Como se aquilo fosse normal, o promotor pergunta se ela precisa de tempo para se recompor. E Mariana implora ao juiz por respeito. Ao JN, a Procuradoria da Justiça informou à época que apuraria a conduta do juiz. A corregedoria nacional do ministério público também disse que analisaria a atuação do ministério público de Santa Catarina. O Senado Federal aprovou um voto de repúdio ao advogado, ao juiz e ao promotor por exporem a vítima ao sofrimento. O ministro Gilmar Mendes, do STF, disse no Twitter que as cenas da audiência são estarrecedoras: “O sistema de justiça deve ser instrumento de acolhimento, jamais tortura e humilhação”.
A história começou há três anos. Na noite de 15 de dezembro de 2018, a jovem denunciou André Aranha por tê-la estuprado dentro de um clube em Florianópolis, o Café de La Musique. Ficou atestado que ela era virgem. Em suas roupas, a perícia encontrou sêmen do acusado e sangue dela. Após André ter sido denunciado pelo Ministério Público de Santa Catarina pelo crime de estupro de vulnerável, o promotor anterior deixou o caso e um novo promotor avaliou que Mariana não estava incapacitada para consentir o ato sexual e por isso não haveria dolo, ou a intenção de forçar relações sexuais com ela. Em setembro de 2020 a justiça de Santa Catarina inocentou André Aranha. Mariana e seus pais estão recorrendo.
A câmara aprovou dia 16 de março de 2021 a lei Mariana Ferrer, projeto que pune ofensa à vítima durante o julgamento. Senado ainda precisa aprovar. A lei visa coibir especialmente a prática de atos que ofendam vítimas de crimes contra a dignidade sexual. Mas Mariana segue sem que a justiça tenha sido feita. Segundo sua mãe, ela teve depressão e desenvolveu síndromes nervosas. Mudaram-se de casa, e ela pouco sai. O assunto caiu no esquecimento, mas o sofrimento de Mariana, não.
Esquecer Mariana Ferrer é como esquecer as mulheres vítimas de violência.

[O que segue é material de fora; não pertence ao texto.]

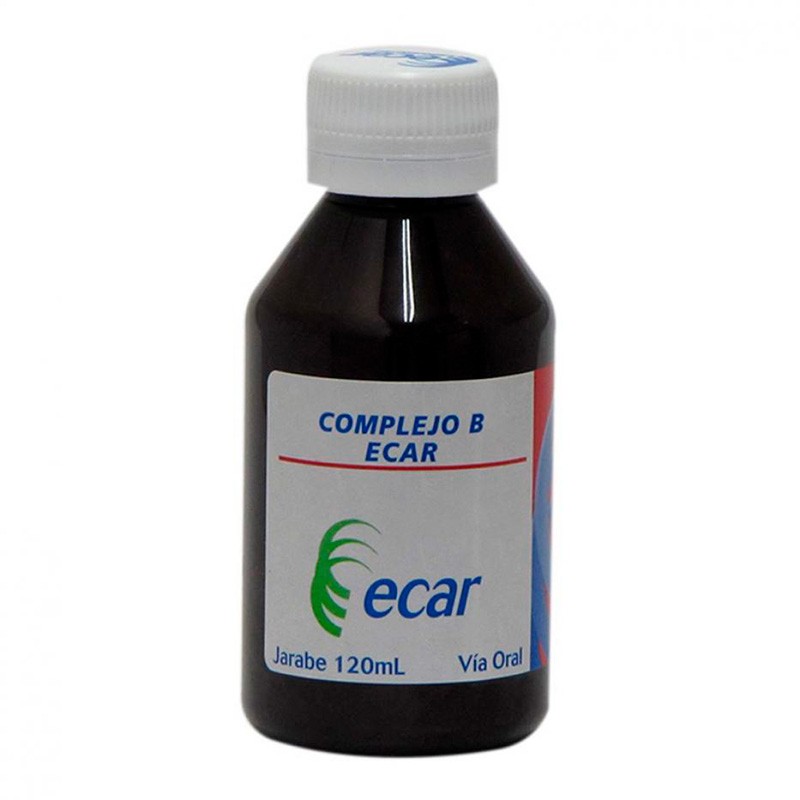 COMPLEJO B JBE X 120 ML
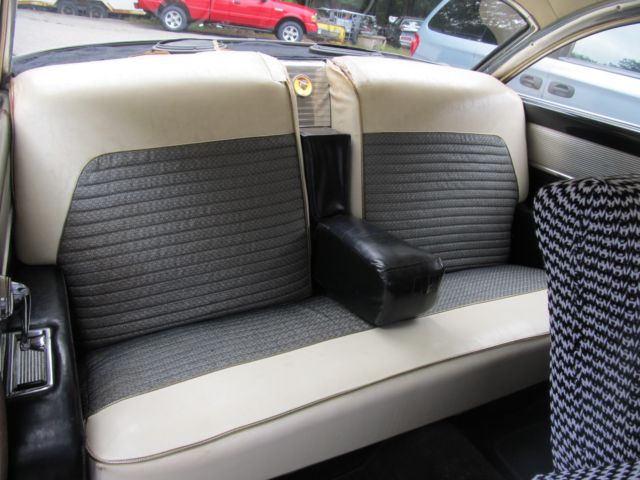 1956 Mercury MONT CLAIR COUPE - photo 11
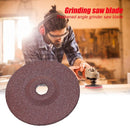 100mm Rotary Diamond Grinding Disc Polishing Sheet Cutting Discs Saw Blades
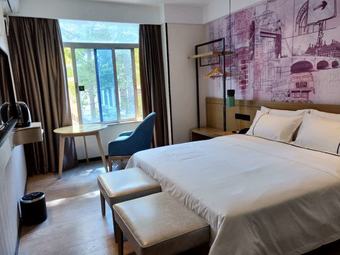 Hotel City Comfort Inn-liwan Shayong Station Branch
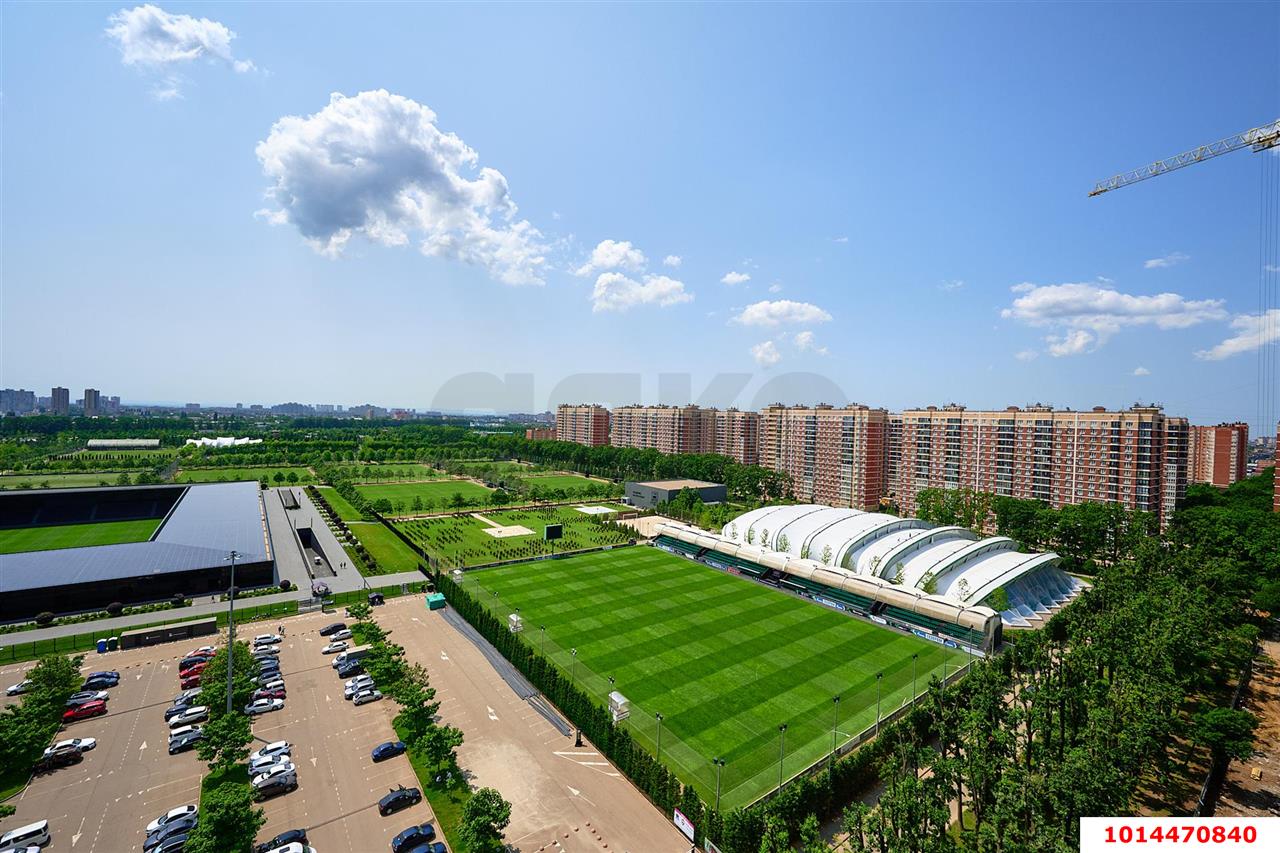 Фото №15: 2-комнатная квартира 64 м² - Краснодар, жилой комплекс Парк У Дома, ул. Героя Владислава Посадского, 17к2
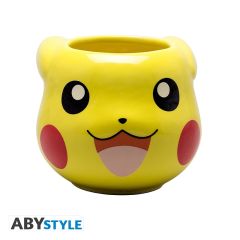 Pokemon Pikachu 3D Kupa&Mug - ABYMUGA474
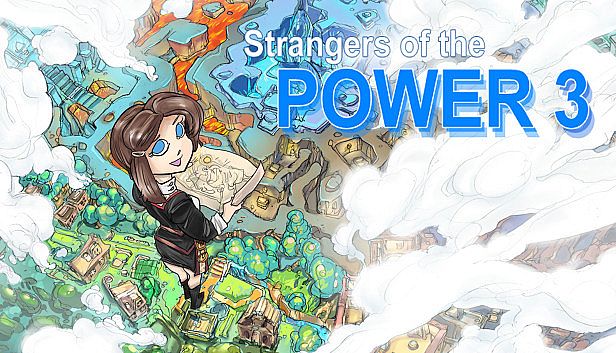Buy Strangers of the Power 3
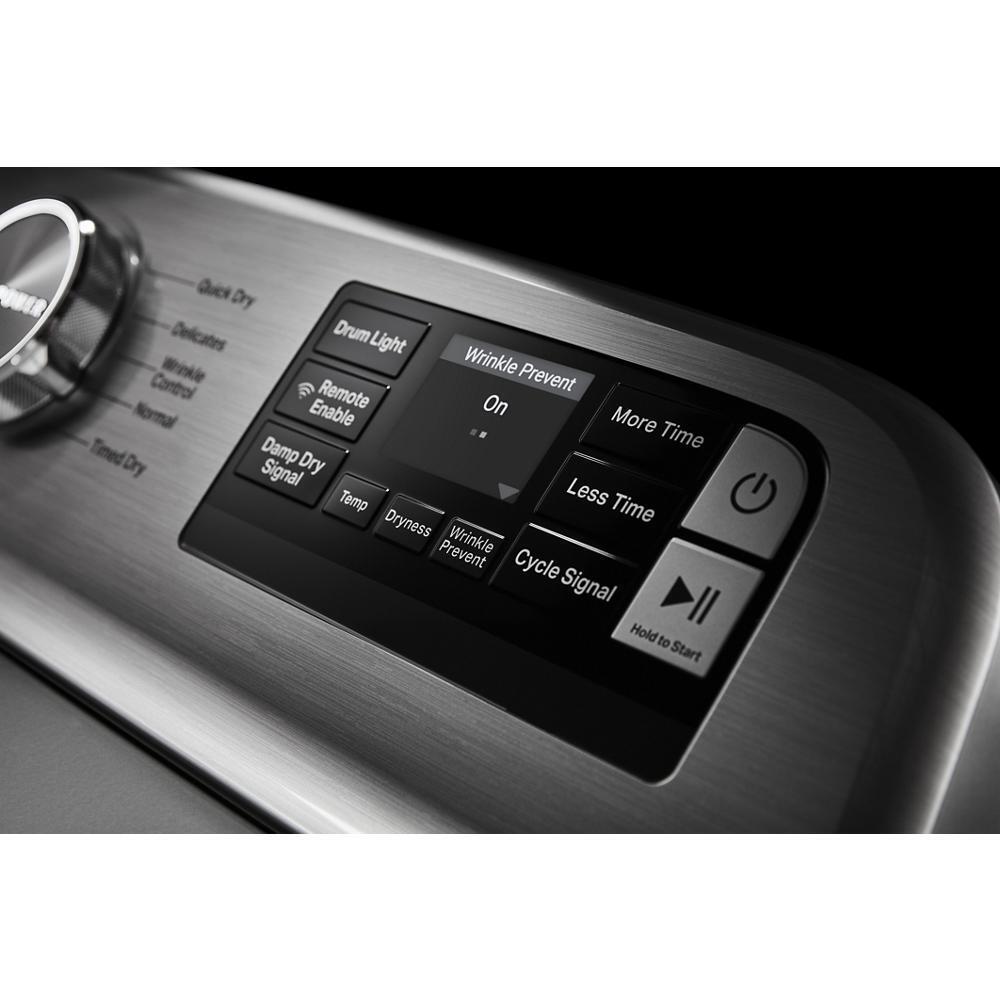 Smart Top Load Gas Dryer with Extra Power - 7.4 cu. ft. - (MGD6230HC)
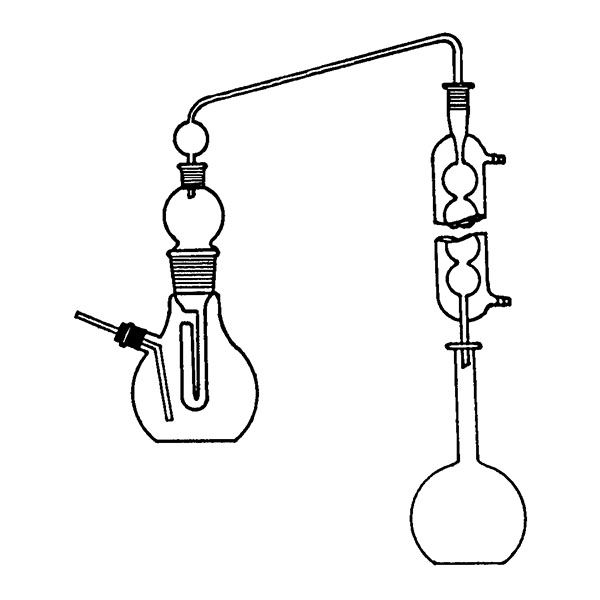 Distillatori Cazenave/Miconi completo-0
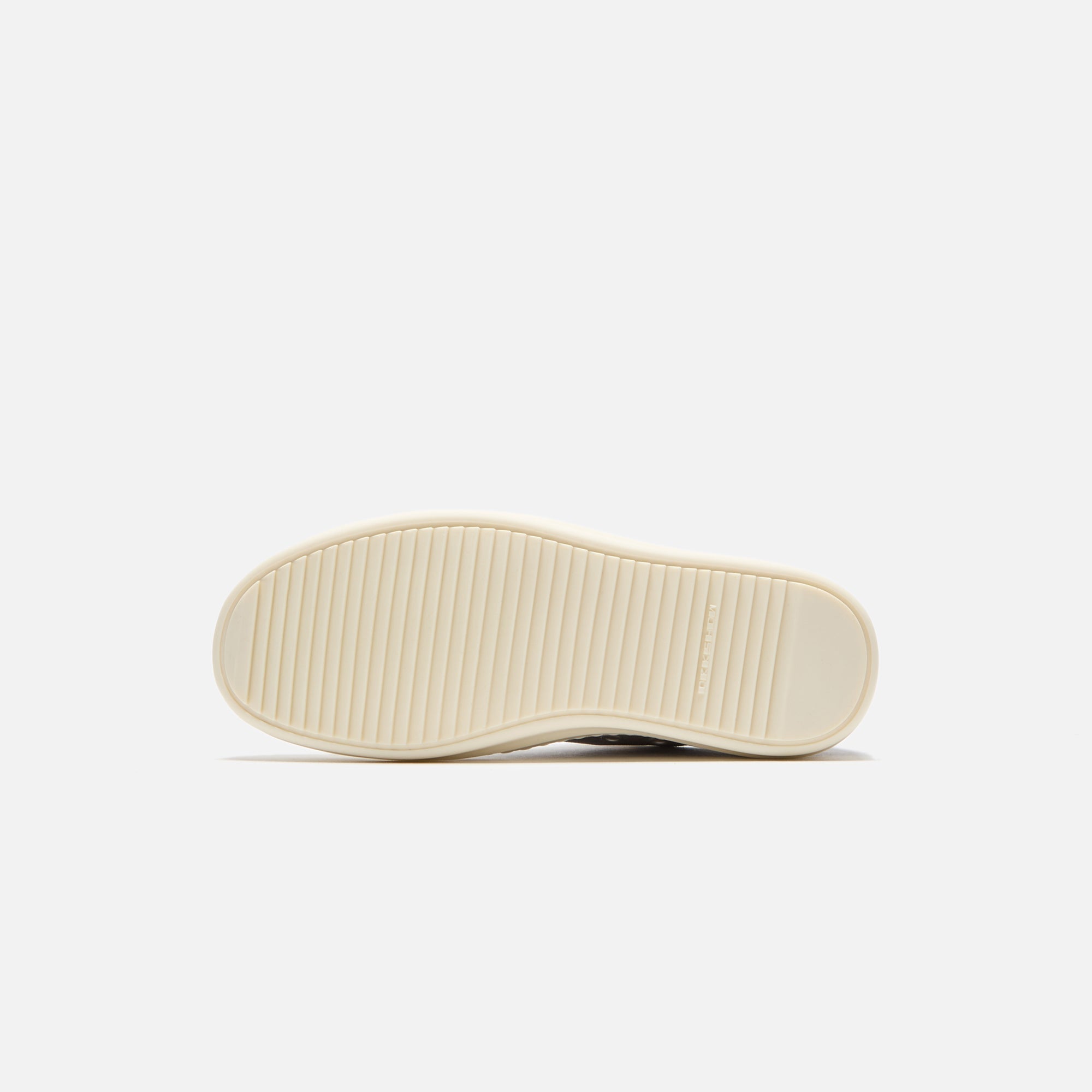 Rick Owens WMNS DRKSHDW Low Sneaks - Pearl / Milk – Kith Canada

Temos que apoiá-la para que a Justiça, em outras instâncias, faça a reparação necessária. É preciso ter fé no Poder Judiciário, retomar as mobilizações e o sentimento de indignação que tomou conta de todos nós. Vamos torcer para que filmes como “Bela Vingança”, que vai muito além de um ótimo entretenimento, passem a ressignificar o enfrentamento da violência contra a mulher como uma causa sistêmica. O que vivemos nessa esfera é tambem uma pandemia para a qual precisamos ter vacinas igualmente. Vamos lutar para que se faça justiça às vítimas, sem deixar que elas se vitimizem ou se enfraqueçam no longo caminho pela reparação. As vítimas não devem se sentir esquecidas nem sozinhas. Porque esquecê-las é o mesmo que esquecer a luta de todos nós.